GDG’s all-in Lonsec play confirms investment consultants are the new captains of capital
Generation Development Group’s acquisition of the remaining equity in Lonsec this week reinforced a couple of notable dynamics in the investment services scene.
The first is that mergers and acquisitions are back in play. We’ve already seen Scarcity Partners make a big bet on Evidentia and Perpetual bite the bullet on its debt problem with a KKR tie-up. And now GDG has gone all-in with the $197.4 million purchase of the 61.9 per cent of Lonsec it doesn’t already own.
The second is a trend that’s been emerging for years now. Traditional equity funds management – which has seen FUM dissipate as performance lags – is being marginalised by investment consultancies that provide the research (and increasingly the products) behind managed account portfolio management.
Directing this flow of FUM away from fund equity managers are the new power players in the sector – investment consultancies – whose own business value has risen accordingly.
Scarcity Partners set the tone by purchasing a reported 30 per cent ($30 million) stake in investment consultancy Evidentia (even though Scarcity’s managing director Adrian Whittingham had previously signalled the group was looking for stakes in alternative asset managers).
Then KKR purchased Perpetual’s wealth management and corporate trustee businesses while leaving the asset management arm behind.
That’s two deals very different deals with vastly different scale ($30 million versus $2.17 billion) but one thing in common – investors eschewing traditional asset management businesses in favour of other financial services verticals they believe offer better prospects.
Now, GDG has literally doubled down on its Lonsec investment. Since GDG bought its initial stake in Lonsec in 2020, Lonsec’s FUM has grown considerably on the back of its model portfolio offerings, which were bolstered in 2022 when it purchased up-and-coming competitor Implemented Portfolios.
While Lonsec built its reputation on the back of research and ratings, the model portfolio plank looks increasingly like the money-spinner over the next decade. Lonsec CEO Mike Wright hinted at this when he said this week that “the acquisition will allow GDG to utilise the Lonsec Investment Solutions business as a base to consolidate other managed account businesses and deliver significant growth”.
So it’s clear there are massive tailwinds behind model portfolio products and the investment consultancies that essentially run the money being pumped into them.
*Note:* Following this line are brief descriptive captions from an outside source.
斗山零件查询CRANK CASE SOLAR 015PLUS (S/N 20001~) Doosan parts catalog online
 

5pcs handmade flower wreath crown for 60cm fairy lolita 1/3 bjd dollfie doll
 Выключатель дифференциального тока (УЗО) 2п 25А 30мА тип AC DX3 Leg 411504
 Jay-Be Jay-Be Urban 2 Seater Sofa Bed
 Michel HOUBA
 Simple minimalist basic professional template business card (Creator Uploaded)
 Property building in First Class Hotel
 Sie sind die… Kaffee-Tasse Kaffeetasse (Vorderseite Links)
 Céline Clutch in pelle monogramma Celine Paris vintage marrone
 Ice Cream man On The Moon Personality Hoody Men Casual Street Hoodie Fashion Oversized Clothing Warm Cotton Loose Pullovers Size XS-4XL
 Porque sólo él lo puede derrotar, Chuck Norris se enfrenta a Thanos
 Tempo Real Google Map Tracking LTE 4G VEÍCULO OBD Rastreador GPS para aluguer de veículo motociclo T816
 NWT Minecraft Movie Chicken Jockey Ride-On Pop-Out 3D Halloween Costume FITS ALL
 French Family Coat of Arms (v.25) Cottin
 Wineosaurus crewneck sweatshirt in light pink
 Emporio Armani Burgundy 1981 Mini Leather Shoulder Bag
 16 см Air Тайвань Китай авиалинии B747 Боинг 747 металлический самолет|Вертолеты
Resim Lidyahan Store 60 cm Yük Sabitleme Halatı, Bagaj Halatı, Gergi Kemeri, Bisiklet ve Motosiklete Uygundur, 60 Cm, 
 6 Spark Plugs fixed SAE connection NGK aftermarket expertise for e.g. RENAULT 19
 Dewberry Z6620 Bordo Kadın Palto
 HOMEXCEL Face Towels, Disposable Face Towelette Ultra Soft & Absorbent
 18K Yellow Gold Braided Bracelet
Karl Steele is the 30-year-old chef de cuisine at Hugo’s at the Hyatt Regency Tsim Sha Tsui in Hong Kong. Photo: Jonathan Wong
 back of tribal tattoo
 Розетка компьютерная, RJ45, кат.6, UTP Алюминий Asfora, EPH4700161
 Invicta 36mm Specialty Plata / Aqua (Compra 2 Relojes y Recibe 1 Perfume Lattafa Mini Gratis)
Also clear is that a growing portion of that capital is being pinched from active equity management business flow.
Whether this is the new reality or a cyclical dynamic remains to be seen.
There are plenty of risks for the new power players to look out for. If equity markets fall dramatically, the ETF phenomena could have its underside exposed. We may reach peak model portfolio, with too many providers glutting the market, or a new technology that marginalises them. Investment consultants could also be hit with more regulatory oversight, which is probably overdue.
The rise of investment consultants isn’t the death of equity fund managers. They’re a resilient bunch, and far too important to the ecosystem. It won’t take much of a market turn for investors to be reminded of this.
But the recent spate of M&A highlights what can’t be ignored. Investment consultancies are the new captains of capital.